**What is being asked**
Set down all of the entries word for word, omitting the images they contain.

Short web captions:
* * * *

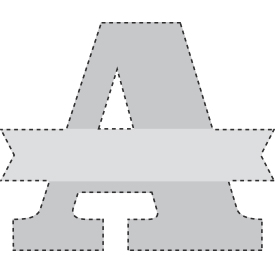 Letter A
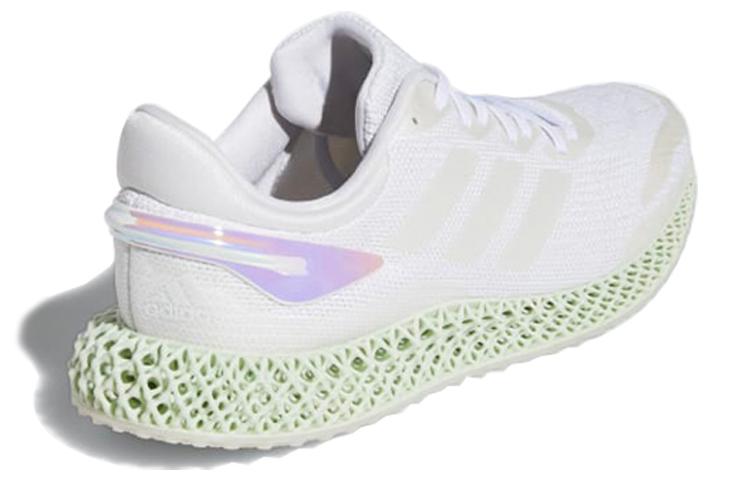 adidas Parley X Adidas 4D Run 1.0 Ltd 'White Iridescent' FW1229
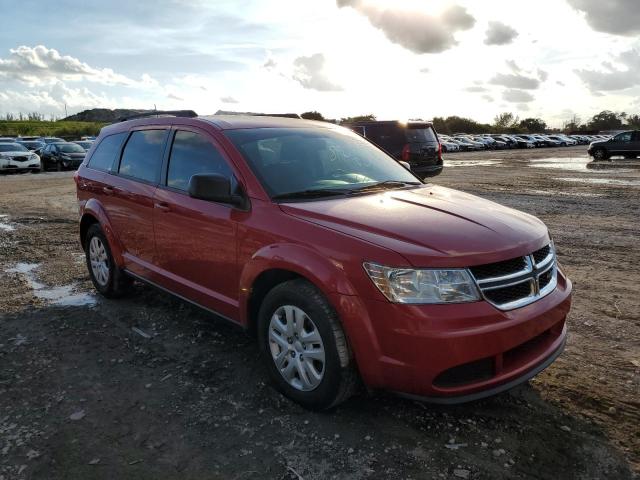 Photo 4 from auction – 2015 DODGE JOURNEY SE with VIN 3C4PDCAB6FT622036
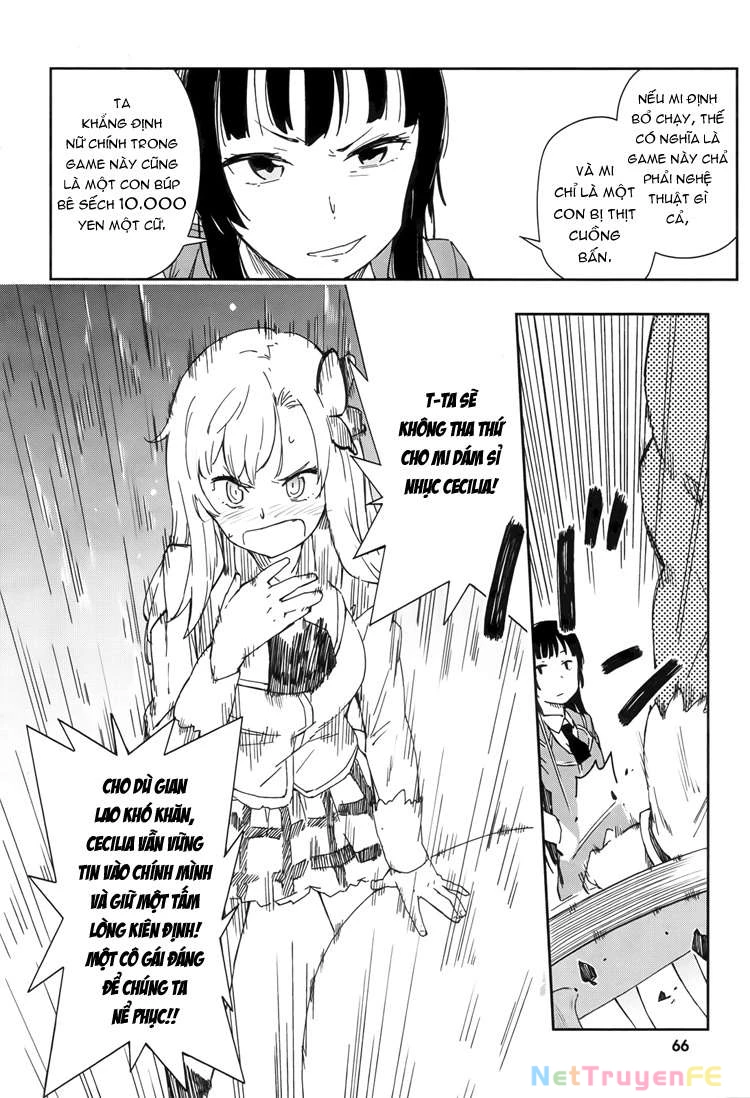 Boku wa Tomodachi ga Sukunai Chapter 7 - Trang 3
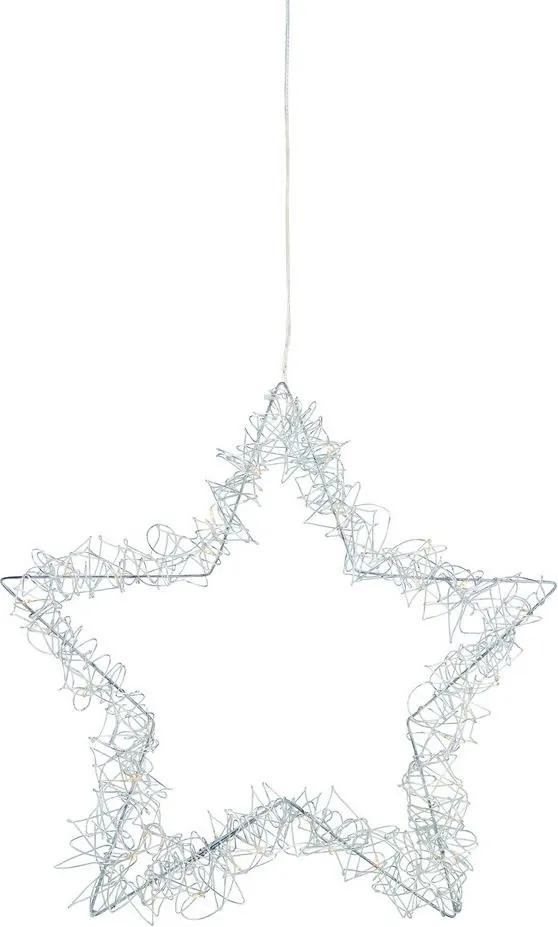 Markslöjd 705056 - Decoração de Natal LED MARTIN LED/3xAA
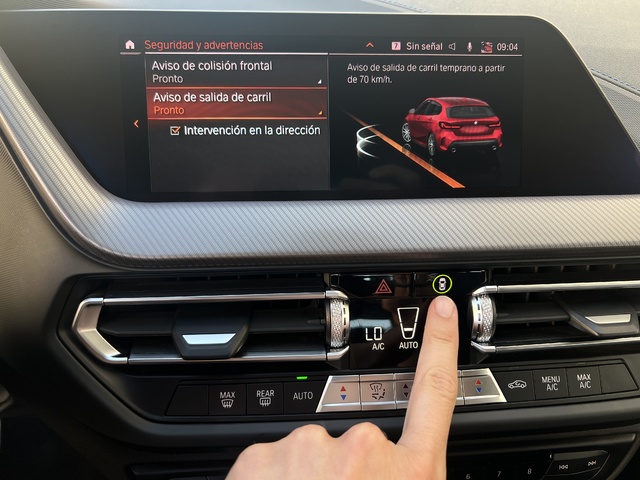 BMW Serie 1 118d 110 kW (150 CV)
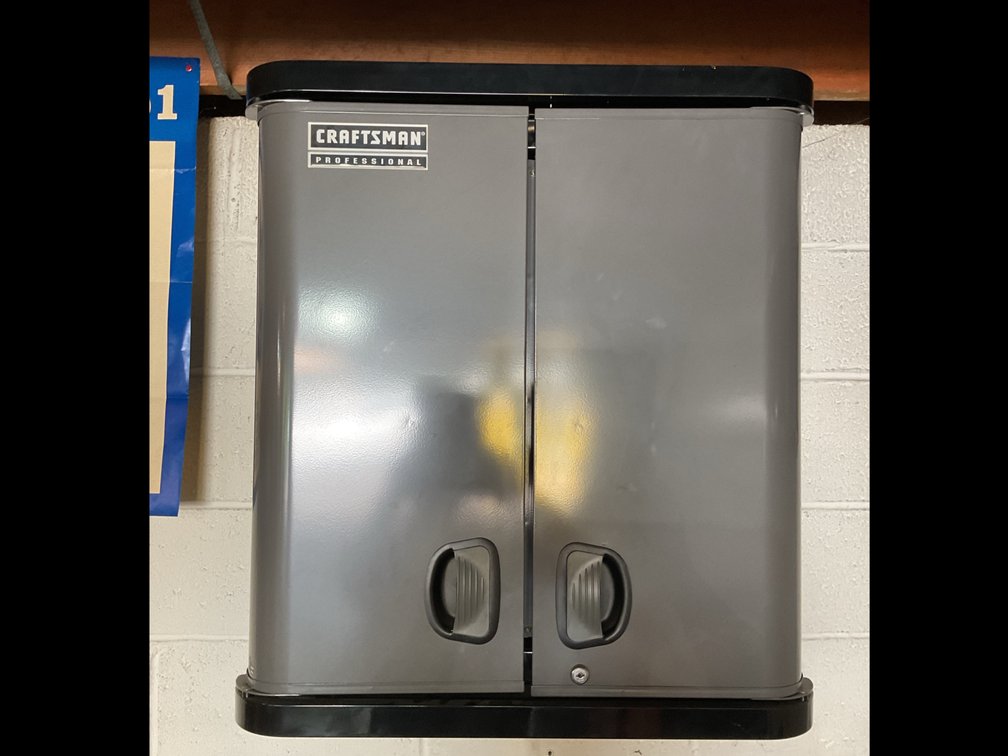 Craftsman Professional Metal Wall Cabinet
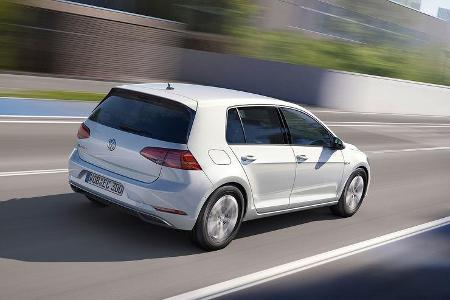 VW E-Golf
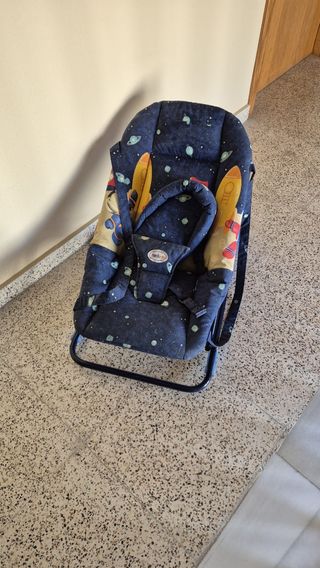 HAMACA PARA BEBÉ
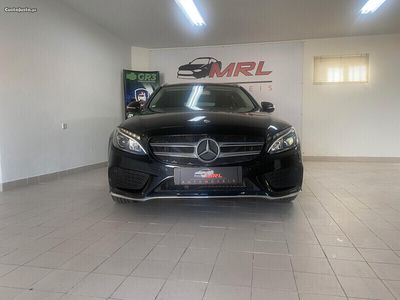 usado Mercedes C180 Amg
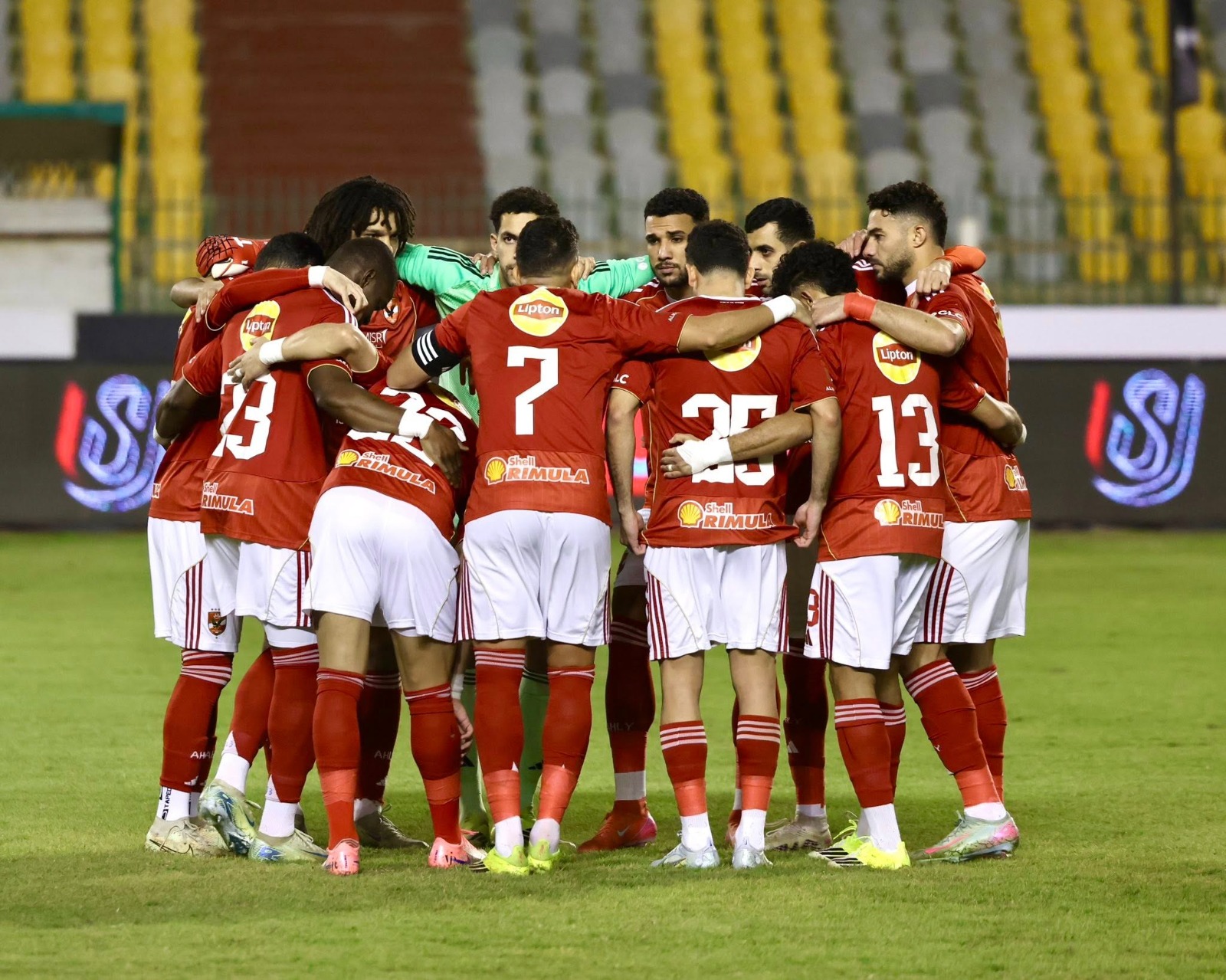 أخبار مصر والعالم لحظة بلحظة - تفاصيل قرعة مباريات الأهلي بالدور الثاني لبطولة الدوري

* * * *

**Response to the task**
 Letter A
 adidas Parley X Adidas 4D Run 1.0 Ltd 'White Iridescent' FW1229
 Photo 4 from auction – 2015 DODGE JOURNEY SE with VIN 3C4PDCAB6FT622036
 Boku wa Tomodachi ga Sukunai Chapter 7 - Trang 3
 Markslöjd 705056 - Decoração de Natal LED MARTIN LED/3xAA
 BMW Serie 1 118d 110 kW (150 CV)
 Craftsman Professional Metal Wall Cabinet
 VW E-Golf
 HAMACA PARA BEBÉ
 usado Mercedes C180 Amg
 أخبار مصر والعالم لحظة بلحظة - تفاصيل قرعة مباريات الأهلي بالدور الثاني لبطولة الدوري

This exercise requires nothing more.